Os bocas de cabra

Motor criado no Brasil inaugura a onda dos carros versáteis,
que rodam com álcool ou gasolina

Ricardo Dilser

De tempos em tempos, a indústria automotiva ressurge das cinzas, como uma fênix.
Este ano, quando as montadoras amargam um dos maiores prejuízos de sua história, a arma para alavancar as vendas é a materialização de um sonho que há cinco anos parecia improvável: um motor que queima gasolina, álcool ou qualquer mistura dos dois combustíveis, sem que o motorista nem sequer perceba. Fruto de uma tecnologia 100% tupiniquim, o motor flexível garante liberdade, autonomia e transfere ao consumidor o poder de pressão sobre o preço nos postos de abastecimento.

“Com o advento da eletrônica, usamos a tecnologia para facilitar
a vida do usuário”, revela Eduardo Campos, um dos engenheiros envolvidos no projeto multicombustível da empresa Magneti Marelli, responsável pela injeção eletrônica do Volkswagen Gol, o primeiro
modelo nacional a aderir ao motor versátil. Na carona, vieram Corsa 1.8 e Montana 1.8 FlexPower, da Chevrolet; Palio 1.3 Flex, da Fiat; e, mais recentemente, Parati, Saveiro 1.6 Total Flex e Fox, nas versões 1.0 e 1.6, da Volkswagen. A estimativa é que em menos de dois anos todos os carros nacionais estejam equipados com esses propulsores, já disponíveis em série nos carros zero km.

Economia – Se a promessa se concretizar, o cliente será, pela primeira vez, um braço na formação dos preços de combustíveis, hoje uma exclusividade das petrolíferas e dos usineiros. A gasolina aumentou de preço? Passe a usar somente álcool. Aumentou a cotação do açúcar no mercado internacional e pode faltar álcool nos postos? Coloque gasolina e pronto. Fácil, sem ligar nenhuma chave, nem fazer ajuste ou regulagem. Através de um sensor no escapamento, a injeção eletrônica multi-fuel detecta, automaticamente, qual mistura de combustível é queimada no motor e refaz os ajustes para que o propulsor funcione.

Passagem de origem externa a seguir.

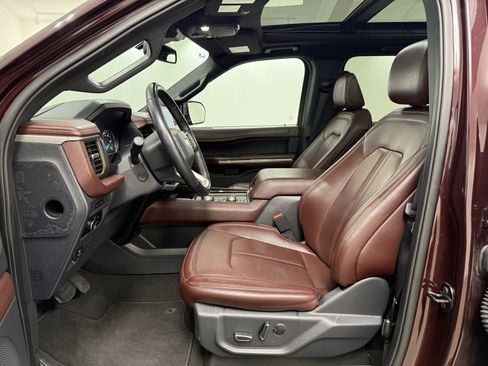 Used 2024 Ford Expedition Limited image 22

Devido às características singulares do álcool, os carros multi-fuel trazem ainda tanque, tubulações, bicos injetores e bomba de combustível mais resistentes à corrosão e sistema de partida a frio. Nos primeiros protótipos, um sofisticado aparelho media a densidade do combustível, indicando ao motor qual mistura estava no tanque. Perfeito do ponto de vista técnico, só que onerava em demasia o custo do equipamento, inviabilizando sua oferta aos consumidores. Por falar em oferta, a marca Chevrolet não cobra nada pela tecnologia, já que todos os Corsa 1.8 e a picape Montana 1.8 são oferecidos, de série, com motor Flexpower. A Fiat também não cobra nenhum centavo a mais pelo Palio 1.3 Flex, enquanto a Volkswagen acrescenta cerca de R$ 150 aos preços básicos de Gol, Parati e Saveiro 1.6 quando equipados com propulsor Total Flex.

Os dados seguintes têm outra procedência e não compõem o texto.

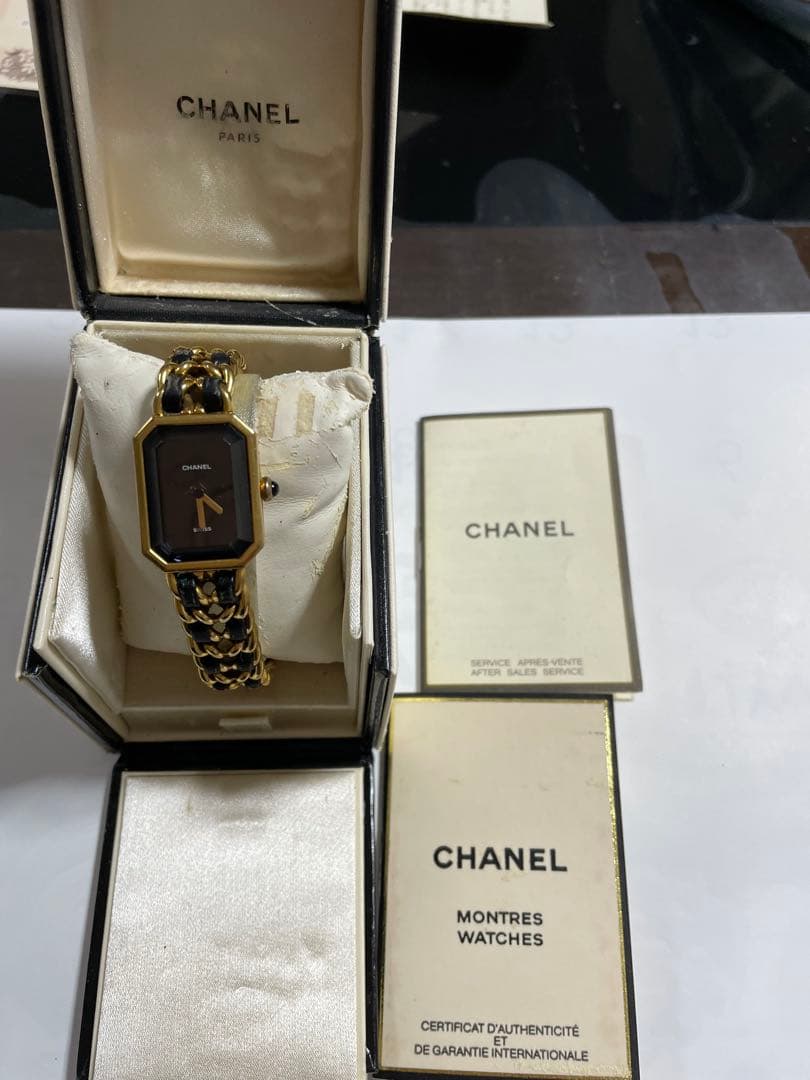 M*i様 CHANEL Montres Watches ゴールド ブラック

O fato curioso é que, dependendo do combustível queimado, os valores de potência e de consumo variam, já que o poder calorífico da gasolina (10.500 kcal) e o do álcool (6.500 kcal) são diferentes. Tome-se como exemplo o Fiat Palio 1.3 Flex. Quando alimentado com gasolina, ele atinge 157 km/h de velocidade final. Com álcool, chega aos 159 km/h.

No bolso, aí, sim, dá para sentir mais. O Palio Flex percorre na cidade
9,2 km com um litro de álcool; já com um litro de gasolina, ele anda pelo menos um terço a mais: 13 km. Mesmo assim, ainda é vantagem rodar só com álcool, já que a gasolina custa quase o dobro do combustível vegetal. 

A expectativa é que nos próximos seis meses, o motor se torne ainda mais flexível. Além de rodar com álcool e gasolina, ele poderá queimar gás natural veicular (GNV). Com isso, o consumidor não vai precisar mais queimar suas pestanas.